I'm testing ext4 -o discard on a Super Talent FTM56GX25H SSD. The speed increase by using the discard option seems promising. But I'm experiencing problems under a certain stressful file system load: (approximate description, the actual sizes/numbers are not exact MB/GB, but that shouldn't be a problem) * you have a 252 GB ext4 -m 0 -T largefile filesystem * you have 250 input files of size 1 GB each and an empty output file * while the input has not been consumed - load 1 MB from the end of each input file - truncate the input files to reduce their size by 1 MB - do some computation ... - append 250 MB to the output file Checking the output file after operation has finished I find blocks of 0x00 that should not be there. These blocks are usually the size of 1MB (the size that was truncated and 'discarded') and always multiples of 16KB (the minimal discard/TRIM-able unit (also the discard/TRIM alignment) of the SSD, found by doing manual experiments using hdparm --trim-sector-ranges). In several repetitions I've counted about 10-12MB of invalid 0x00 bytes in the output. The problem does not occur if I use 250000 inputfiles instead, read a subset of 250 files and delete them before writing the output. This is significantly slower. A possible cause could be some race condition between * freeing filesystem blocks by truncating a file and queuing them for DISCARD/TRIM * allocating free filesystem blocks for a new append/write to a file * submitting the DISCARD/TRIM request to the disk * submitting the write request to the disk Is there a possibility to generate debug information from ext4 that would be helpful for tracking down this problem? The file system on the SSD is the only ext[2-4] file system in the machine.

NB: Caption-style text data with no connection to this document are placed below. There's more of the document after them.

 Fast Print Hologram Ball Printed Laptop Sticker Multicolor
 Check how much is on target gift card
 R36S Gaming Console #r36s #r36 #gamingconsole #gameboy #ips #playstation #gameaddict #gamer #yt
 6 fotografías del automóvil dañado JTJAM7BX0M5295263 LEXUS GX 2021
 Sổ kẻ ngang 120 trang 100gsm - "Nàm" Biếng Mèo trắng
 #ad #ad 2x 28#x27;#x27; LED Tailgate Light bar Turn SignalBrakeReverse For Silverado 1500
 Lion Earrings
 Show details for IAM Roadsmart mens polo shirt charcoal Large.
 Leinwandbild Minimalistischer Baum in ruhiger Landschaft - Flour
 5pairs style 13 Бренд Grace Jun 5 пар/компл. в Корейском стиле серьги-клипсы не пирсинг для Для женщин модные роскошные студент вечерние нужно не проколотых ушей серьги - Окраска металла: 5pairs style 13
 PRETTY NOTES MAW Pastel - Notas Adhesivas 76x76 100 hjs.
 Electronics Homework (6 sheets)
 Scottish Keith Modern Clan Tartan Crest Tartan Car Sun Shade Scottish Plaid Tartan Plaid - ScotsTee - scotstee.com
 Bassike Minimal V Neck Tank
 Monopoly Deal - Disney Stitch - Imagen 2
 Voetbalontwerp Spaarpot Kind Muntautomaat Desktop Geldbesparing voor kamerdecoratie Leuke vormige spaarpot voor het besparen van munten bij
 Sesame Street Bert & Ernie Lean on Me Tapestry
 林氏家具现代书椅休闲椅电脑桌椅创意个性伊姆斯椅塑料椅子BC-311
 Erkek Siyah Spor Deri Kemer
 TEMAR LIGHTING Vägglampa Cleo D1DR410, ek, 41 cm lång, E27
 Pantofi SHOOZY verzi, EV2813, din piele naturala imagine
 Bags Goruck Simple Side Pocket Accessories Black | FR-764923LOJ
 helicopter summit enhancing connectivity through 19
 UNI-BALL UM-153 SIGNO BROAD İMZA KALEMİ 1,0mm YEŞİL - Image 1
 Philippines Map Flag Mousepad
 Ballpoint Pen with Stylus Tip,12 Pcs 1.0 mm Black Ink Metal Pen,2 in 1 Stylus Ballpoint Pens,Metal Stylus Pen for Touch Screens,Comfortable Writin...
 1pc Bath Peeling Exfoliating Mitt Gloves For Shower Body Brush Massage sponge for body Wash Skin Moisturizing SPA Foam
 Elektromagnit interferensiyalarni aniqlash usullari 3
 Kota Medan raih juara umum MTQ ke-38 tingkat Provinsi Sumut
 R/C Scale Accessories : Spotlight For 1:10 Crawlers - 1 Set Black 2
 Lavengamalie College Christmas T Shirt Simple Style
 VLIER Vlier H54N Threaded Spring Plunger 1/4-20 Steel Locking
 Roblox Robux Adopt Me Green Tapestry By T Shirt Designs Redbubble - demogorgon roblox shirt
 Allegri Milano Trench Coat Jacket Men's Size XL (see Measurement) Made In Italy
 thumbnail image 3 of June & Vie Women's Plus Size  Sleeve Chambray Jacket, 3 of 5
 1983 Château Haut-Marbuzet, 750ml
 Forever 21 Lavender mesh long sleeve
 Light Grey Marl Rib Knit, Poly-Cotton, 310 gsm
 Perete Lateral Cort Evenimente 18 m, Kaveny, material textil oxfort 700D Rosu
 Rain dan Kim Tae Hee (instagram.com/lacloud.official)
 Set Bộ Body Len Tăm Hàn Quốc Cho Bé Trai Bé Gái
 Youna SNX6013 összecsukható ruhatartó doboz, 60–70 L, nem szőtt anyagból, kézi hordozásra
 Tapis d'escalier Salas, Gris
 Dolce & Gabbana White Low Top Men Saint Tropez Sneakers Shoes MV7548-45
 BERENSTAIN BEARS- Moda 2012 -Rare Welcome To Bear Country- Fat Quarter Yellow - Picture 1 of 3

Some time ago i've posted comat discard support which simulate discard by generating simple zero filled request http://lkml.org/lkml/2010/2/11/74 Many changes was requested so i'm still working on new version (it will be ready soon). But it may be useful for debugging needs with conjunction with blktrace.
Created attachment 25616 [details] Proposed patch for this problem Oh, sh*t. If what I think is happening, is happening, this is definitely a brown paper bag bug. Does this fix it for you?
(In reply to comment #2) > Does this fix it for you? The patch didn't apply cleanly to 2.6.33, I had to "remove the old code block" manually. So far after rebuilding the ext4 module I haven't experienced the problem any more. Please get this into 2.6.33.x. Thanks!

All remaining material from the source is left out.